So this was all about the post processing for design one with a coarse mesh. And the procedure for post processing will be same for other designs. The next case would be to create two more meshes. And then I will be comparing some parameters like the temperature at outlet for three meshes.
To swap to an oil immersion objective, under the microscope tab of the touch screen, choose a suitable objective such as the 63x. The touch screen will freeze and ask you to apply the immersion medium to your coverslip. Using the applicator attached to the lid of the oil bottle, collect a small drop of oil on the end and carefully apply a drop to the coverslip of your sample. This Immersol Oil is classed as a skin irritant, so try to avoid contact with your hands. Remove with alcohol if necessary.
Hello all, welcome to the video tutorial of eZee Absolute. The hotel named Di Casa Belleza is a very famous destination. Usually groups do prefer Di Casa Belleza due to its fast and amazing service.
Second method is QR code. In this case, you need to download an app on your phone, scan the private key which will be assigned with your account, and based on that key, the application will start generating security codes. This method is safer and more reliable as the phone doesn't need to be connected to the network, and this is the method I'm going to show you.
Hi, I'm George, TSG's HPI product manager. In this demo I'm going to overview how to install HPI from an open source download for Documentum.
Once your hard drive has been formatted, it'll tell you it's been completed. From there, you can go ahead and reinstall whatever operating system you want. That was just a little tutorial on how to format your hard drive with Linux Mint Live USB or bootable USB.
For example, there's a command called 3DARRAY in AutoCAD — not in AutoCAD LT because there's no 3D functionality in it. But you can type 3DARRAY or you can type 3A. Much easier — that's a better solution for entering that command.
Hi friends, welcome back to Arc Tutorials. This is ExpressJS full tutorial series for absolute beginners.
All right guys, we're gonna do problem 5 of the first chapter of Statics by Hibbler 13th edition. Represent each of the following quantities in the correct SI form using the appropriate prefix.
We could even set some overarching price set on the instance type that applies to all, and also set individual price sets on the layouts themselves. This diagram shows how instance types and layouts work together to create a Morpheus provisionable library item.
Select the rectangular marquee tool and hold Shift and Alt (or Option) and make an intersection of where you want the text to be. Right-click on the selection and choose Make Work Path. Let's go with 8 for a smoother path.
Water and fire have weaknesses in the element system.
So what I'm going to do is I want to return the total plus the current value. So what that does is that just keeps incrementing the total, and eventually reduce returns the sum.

■ ■ ■

Would you print all of the records exactly as they were given?

So this was all about the post processing for design one with a coarse mesh. And the procedure for post processing will be same for other designs. The next case would be to create two more meshes. And then I will be comparing some parameters like the temperature at outlet for three meshes.
To swap to an oil immersion objective, under the microscope tab of the touch screen, choose a suitable objective such as the 63x. The touch screen will freeze and ask you to apply the immersion medium to your coverslip. Using the applicator attached to the lid of the oil bottle, collect a small drop of oil on the end and carefully apply a drop to the coverslip of your sample. This Immersol Oil is classed as a skin irritant, so try to avoid contact with your hands. Remove with alcohol if necessary.
Hello all, welcome to the video tutorial of eZee Absolute. The hotel named Di Casa Belleza is a very famous destination. Usually groups do prefer Di Casa Belleza due to its fast and amazing service.
Second method is QR code. In this case, you need to download an app on your phone, scan the private key which will be assigned with your account, and based on that key, the application will start generating security codes. This method is safer and more reliable as the phone doesn't need to be connected to the network, and this is the method I'm going to show you.
Hi, I'm George, TSG's HPI product manager. In this demo I'm going to overview how to install HPI from an open source download for Documentum.
Once your hard drive has been formatted, it'll tell you it's been completed. From there, you can go ahead and reinstall whatever operating system you want. That was just a little tutorial on how to format your hard drive with Linux Mint Live USB or bootable USB.
For example, there's a command called 3DARRAY in AutoCAD — not in AutoCAD LT because there's no 3D functionality in it. But you can type 3DARRAY or you can type 3A. Much easier — that's a better solution for entering that command.
Hi friends, welcome back to Arc Tutorials. This is ExpressJS full tutorial series for absolute beginners.
All right guys, we're gonna do problem 5 of the first chapter of Statics by Hibbler 13th edition. Represent each of the following quantities in the correct SI form using the appropriate prefix.
We could even set some overarching price set on the instance type that applies to all, and also set individual price sets on the layouts themselves. This diagram shows how instance types and layouts work together to create a Morpheus provisionable library item.
Select the rectangular marquee tool and hold Shift and Alt (or Option) and make an intersection of where you want the text to be. Right-click on the selection and choose Make Work Path. Let's go with 8 for a smoother path.
Water and fire have weaknesses in the element system.
So what I'm going to do is I want to return the total plus the current value. So what that does is that just keeps incrementing the total, and eventually reduce returns the sum.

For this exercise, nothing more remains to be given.